2
votes

It was my understanding that MPI communicators restrict the scope of communication, such that messages sent from one communicator should never be received in a different one.

However, the program inlined below appears to contradict this.

I understand that the MPI_Send call returns before a matching receive is posted because of the internal buffering it does under the hood (as opposed to MPI_Ssend). I also understand that MPI_Comm_free doesn't destroy the communicator right away, but merely marks it for deallocation and waits for any pending operations to finish. I suppose that my unmatched send operation will be forever pending, but then I wonder how come the same object (integer value) is reused for the second communicator!?

Is this normal behaviour, a bug in the MPI library implementation, or is it that my program is just incorrect?

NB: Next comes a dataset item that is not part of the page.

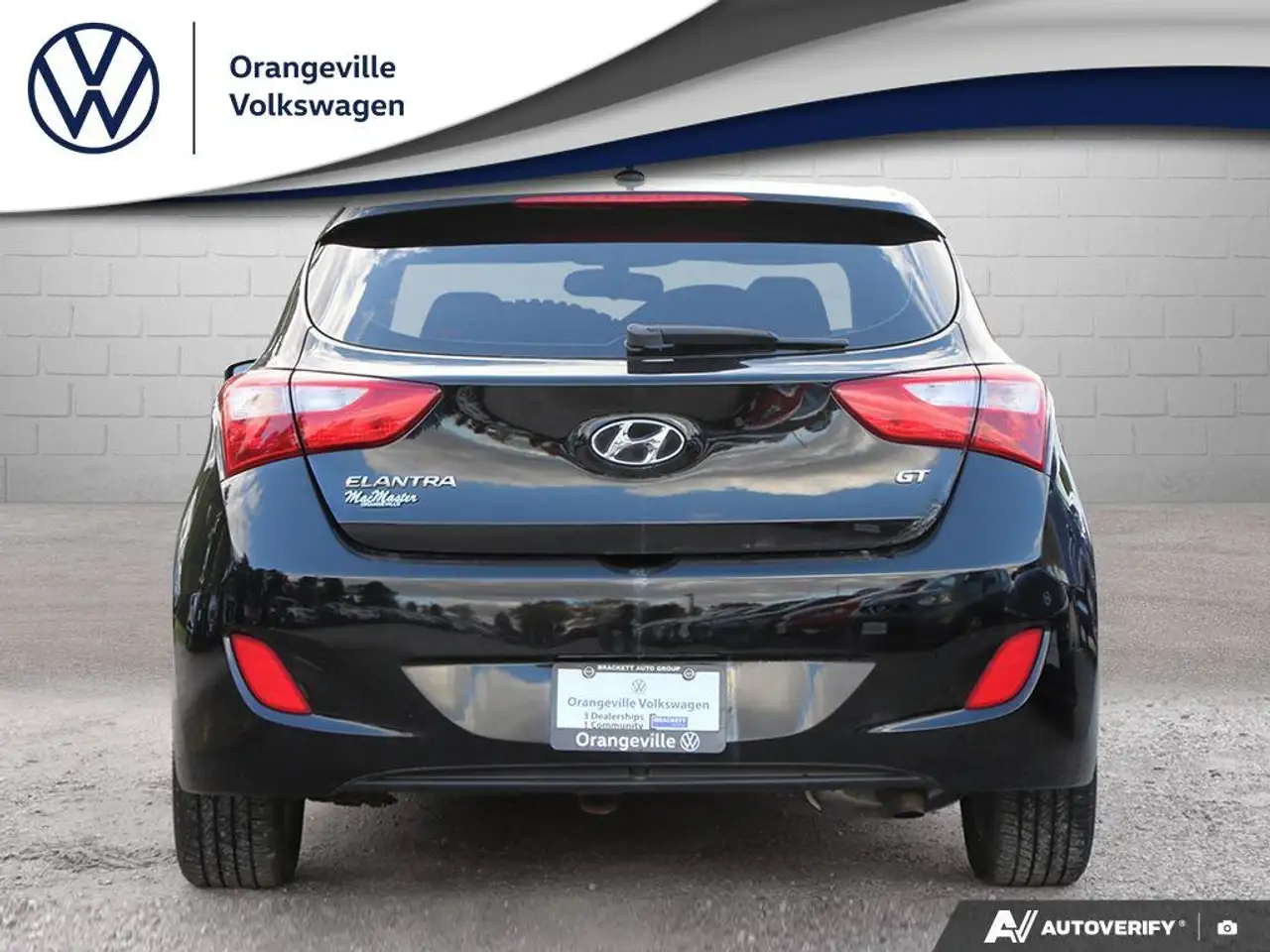 Hyundai ELANTRA снимка Hyundai ELANTRA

Any suggestions are much appreciated!

LATER EDIT: posted follow-up question


#include "stdio.h"
#include "unistd.h"
#include "mpi.h"

int main(int argc, char* argv[]) {
    int  rank, size;
    MPI_Group group;
    MPI_Comm my_comm;

    MPI_Init(&argc, &argv);

    MPI_Comm_rank(MPI_COMM_WORLD, &rank);
    MPI_Comm_size(MPI_COMM_WORLD, &size);
    MPI_Comm_group(MPI_COMM_WORLD, &group);

    MPI_Comm_create(MPI_COMM_WORLD, group, &my_comm);
    if (rank == 0) printf("created communicator %d\n", my_comm);

    if (rank == 1) {
        int msg = 123;
        MPI_Send(&msg, 1, MPI_INT, 0, 0, my_comm);
        printf("rank 1: message sent\n");
    }

    sleep(1);
    if (rank == 0) printf("freeing communicator %d\n", my_comm);
    MPI_Comm_free(&my_comm);

    sleep(2);

    MPI_Comm_create(MPI_COMM_WORLD, group, &my_comm);
    if (rank == 0) printf("created communicator %d\n", my_comm);

    if (rank == 0) {
        int msg;
        MPI_Recv(&msg, 1, MPI_INT, 1, 0, my_comm, MPI_STATUS_IGNORE);
        printf("rank 0: message received\n");
    }

    sleep(1);
    if (rank == 0) printf("freeing communicator %d\n", my_comm);
    MPI_Comm_free(&my_comm);

    MPI_Finalize();
    return 0;
}

outputs:

created communicator -2080374784
rank 1: message sent
freeing communicator -2080374784
created communicator -2080374784
rank 0: message received
freeing communicator -2080374784
1
Interesting - I note this behaves differently in OpenMPI. I'm not sure if this is a bug per se, or the result of undefined behaviour (e.g., it's not clear to me whether it's valid to have free'd the communicator with that Send still obviously in flight). The re-using of the integer representation for the communicator doesn't really mean much one way or another; that's just a handle to an opaque object. Re-use of that is analogous to (I expect, very analogous to) re-using a table entry that's recently been freed.Jonathan Dursi
Unsurprisingly, under IntelMPI and mvapich2, this program correctly hangs at rank 1's send when using Ssend or messages larger than the eager limit. Presumably MPICH2, defensibly, doesn't view the send on my_comm as "pending" when it's been sent eagerly so proceeds and frees my_comm (OMPI hangs at comm_free). But I don't know if the resulting unexpected result is (a) undefined behaviour due to invalid early freeing of the communicator in user code (eg, like modifying the send buffer before you know it's been received), (b) incorrect MPICH2 behaviour, or (c) genuine ambiguity in the standard.Jonathan Dursi
..my mistake; in OpenMPI it hangs on the receive.Jonathan Dursi
This is likely a bug in MPICH (on which Intel MPI is based). Can you report this example to [email protected]?kraffenetti
@kraffenetti - Thanks! I didn't know Intel MPI was based on MPICH; I'll try reporting it there.i.adri

1 Answers

0
votes

The number you're seeing is simply a handle for the communicator. It's safe to reuse the handle since you've freed it. As to why you're able to send the message, look at how you're creating the communicator. When you use MPI_Comm_group, you're getting a group containing the ranks associated with the specified communicator. In this case, you get all of the ranks, since you are getting the group for MPI_COMM_WORLD. Then, you are using MPI_Comm_create to create a communicator based on a group of ranks. You are using the same group you just got, which will contain all of the ranks. So your new communicator has all of the ranks from MPI_COMM_WORLD. If you want your communicator to only contain a subset of ranks, you'll need to use a different function (or multiple functions) to make the desired group(s). I'd recommend reading through Chapter 6 of the MPI Standard, it includes all of the functions you'll need. Pick what you need to build the communicator you want.